Easier Intel® TBB parallel_for with C++0x Lambda Expressions

In the last blog, I explained how to “build” a parallelized for out of templatized components. Today I’m going to show you an easier way to implement the Intel® Threading Building Blocks (Intel® TBB) parallel_for.

The Final Draft International Standard (FDIS) for C++11, also known as C++0x came out in March of the year. (It is interesting to note that we actually have someone on the Array Building Blocks team that is on the C++ Standards Committee). The main addition to this standard was lambda expressions. These are supported in the following compilers:

- GNU g++ Compiler V4.5+
- Intel® C++ Compiler V12
- Microsoft* C++ Compiler V16 (2010)

This different style of Intel® TBB parallel_for uses these lambda expressions, you need to use one of these updated compiler versions for it to work.
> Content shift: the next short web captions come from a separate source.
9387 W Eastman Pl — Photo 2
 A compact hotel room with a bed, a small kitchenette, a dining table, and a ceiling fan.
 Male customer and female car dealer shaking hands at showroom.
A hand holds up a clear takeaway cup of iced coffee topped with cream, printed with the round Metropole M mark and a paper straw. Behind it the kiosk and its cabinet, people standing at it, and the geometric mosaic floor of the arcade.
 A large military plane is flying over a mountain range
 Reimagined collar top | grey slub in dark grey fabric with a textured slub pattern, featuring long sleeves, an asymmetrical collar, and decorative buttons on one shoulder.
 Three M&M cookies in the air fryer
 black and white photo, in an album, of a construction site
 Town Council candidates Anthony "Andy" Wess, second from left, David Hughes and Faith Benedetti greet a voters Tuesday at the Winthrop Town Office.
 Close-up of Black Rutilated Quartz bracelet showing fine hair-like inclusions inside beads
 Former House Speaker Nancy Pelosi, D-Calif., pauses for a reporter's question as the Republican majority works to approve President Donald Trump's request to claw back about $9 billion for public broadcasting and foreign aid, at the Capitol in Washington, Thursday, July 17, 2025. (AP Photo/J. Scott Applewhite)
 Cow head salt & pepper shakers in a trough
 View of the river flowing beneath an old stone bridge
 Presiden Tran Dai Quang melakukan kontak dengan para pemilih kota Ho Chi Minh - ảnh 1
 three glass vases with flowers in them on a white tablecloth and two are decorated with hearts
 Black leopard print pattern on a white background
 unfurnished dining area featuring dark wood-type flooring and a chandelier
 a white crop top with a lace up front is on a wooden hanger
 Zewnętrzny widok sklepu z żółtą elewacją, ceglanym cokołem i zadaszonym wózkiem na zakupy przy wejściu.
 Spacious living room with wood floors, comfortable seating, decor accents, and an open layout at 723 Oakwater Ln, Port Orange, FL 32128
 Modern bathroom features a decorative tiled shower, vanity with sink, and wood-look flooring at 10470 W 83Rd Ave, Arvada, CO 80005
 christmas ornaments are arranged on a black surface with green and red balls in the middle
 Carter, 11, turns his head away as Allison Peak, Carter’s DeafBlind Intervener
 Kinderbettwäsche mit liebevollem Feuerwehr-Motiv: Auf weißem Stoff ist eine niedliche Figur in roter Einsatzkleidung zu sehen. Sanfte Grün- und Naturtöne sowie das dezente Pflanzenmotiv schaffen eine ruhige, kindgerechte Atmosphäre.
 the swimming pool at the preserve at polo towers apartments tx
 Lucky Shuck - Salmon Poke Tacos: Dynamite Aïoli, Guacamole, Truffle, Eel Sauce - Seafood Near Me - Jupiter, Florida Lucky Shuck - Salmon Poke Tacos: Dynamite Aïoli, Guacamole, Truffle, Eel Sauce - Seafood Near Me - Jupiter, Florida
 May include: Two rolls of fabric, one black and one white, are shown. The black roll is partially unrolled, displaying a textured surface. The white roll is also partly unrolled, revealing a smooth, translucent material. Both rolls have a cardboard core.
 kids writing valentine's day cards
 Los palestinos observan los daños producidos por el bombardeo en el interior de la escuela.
With C++0x lambda expression support, the parallel_for I used in the previous blog changes to:

#include "tbb/blocked_range.h"
#include "tbb/parallel_for.h“
using namespace tbb;
void ChangeArrayParallel (int* a, int n )
{
parallel_for (0, n, 1,
[=](int i) {
Foo (a[i]);
});
}
int main (){
int A[N];
// initialize array here…
ChangeArrayParallel (A, N);
return 0;
}


What’s happening here?

First of all the parallel_for is now overloaded. It takes a start, stop, and step argument and now the whole blocked_range construct is created behind the scenes. So you are definitely losing some control that you would have had with the other way. I’d say most people are fine with giving up blocked_range and not having to worry about it.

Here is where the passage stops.